Blau et al. [6] proposed a cascaded pyramid structure with two branches, one is for feature extraction, the other is for image reconstruction. Moreover, Charbonnier loss was applied to multiple levels and it can generate sub-band residual images at each level. Tong et al. [15] introduced dense blocks combining low-level features and high-level features to improve the performance effectively. Lim et al. [7] removed Batch Normalization layers in residual blocks (ResBlocks) and adopted residual scaling factor to stabilize network training. Besides, it also proposed multi-scale SR algorithm via a single network.
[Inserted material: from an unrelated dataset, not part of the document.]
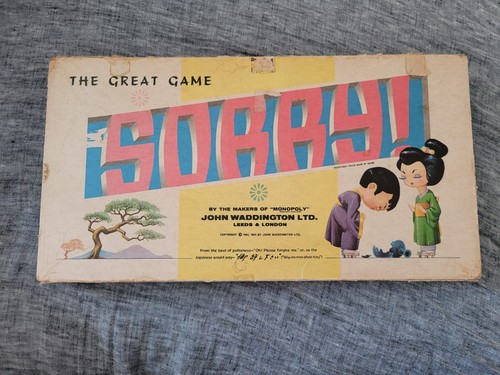Sorry board game vintage 1963 - game,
However, when the scaling factor is equal to or larger than \(4\times \), the results obtained by the aforementioned methods mostly look smooth and lack enough high-frequency details. The reason is that the optimization targets are mostly based on minimizing L1 or L2 loss in pixel space without considering the high-level features.
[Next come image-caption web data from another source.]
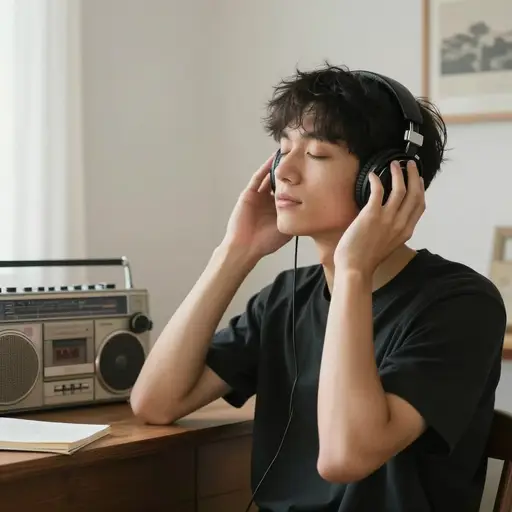我哥哥喜欢听很多说唱歌曲。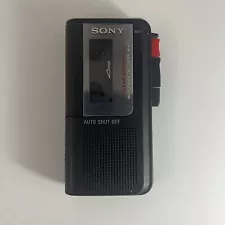 SONY M-470 Clear Voice Plus Handheld Microcassette Recorder - Good Condition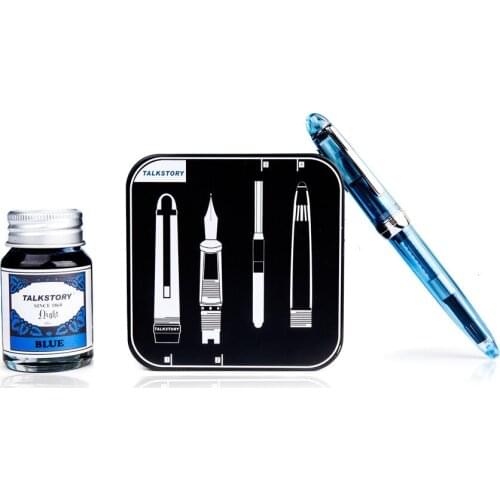 Germany Crystal Fountain Pen Male and Female Students Practicing Calligraphy Pen 0.5mm Nib Office Ink Gift Box Set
2.2 Image Super-Resolution Using Generative Adversarial Networks

Super-Resolution with Adversarial Training. Generative adversarial nets (GANs) [16] consist of Generator and Discriminator. In the task of super-resolution, e.g., SRGAN [5], Generator is used to generate SR images. Discriminator distinguishes whether an image is true or forged. The goal of Generator is to generate a realistic image as much as possible to fool Discriminator. And Discriminator aims to distinguish the ground truth from the generated SR image. Thus, Generator and Discriminator constitute an adversarial game. With adversarial training, the forged data and the real data can eventually obey a similar image statistics distribution. Therefore, adversarial learning in SR is important for recovering the image textural statistics.
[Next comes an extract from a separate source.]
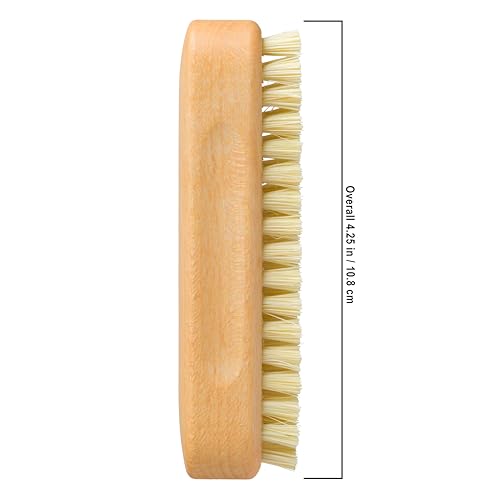 Redecker Gardener's Nail Brush with Tampico Fiber & Oiled Beechwood Handle, 4-1/4"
Perceptual Loss for Deep Learning. In order to be better accordant with human perception, Johnson et al. [17] introduced perceptual loss based on high-level features extracted from pre-trained networks, e.g. VGG16, VGG19, for the task of style transfer and SR. Ledig et al. [5] proposed SRGAN, which aimed to make the SR images and the ground-truth (GT) similar not only in low-level pixels, but also in high-level features. Therefore, SRGAN can generate realistic images. Sajjadi et al. proposed EnhanceNet [9], which applied a similar approach and introduced the local texture matching loss, reducing visually unpleasant artifacts. Zhang et al. [18] explained why the perceptual loss based on deep features fits human visual perception well. Mechrez et al. proposed contextual loss [19, 20] which was based on the idea of natural image statistics, and it is the best algorithm for recovering perceptual results in previous published works currently. Although these algorithms can obtain better perceptual image quality and visual performance, it cannot achieve better results in terms of objective evaluation criteria.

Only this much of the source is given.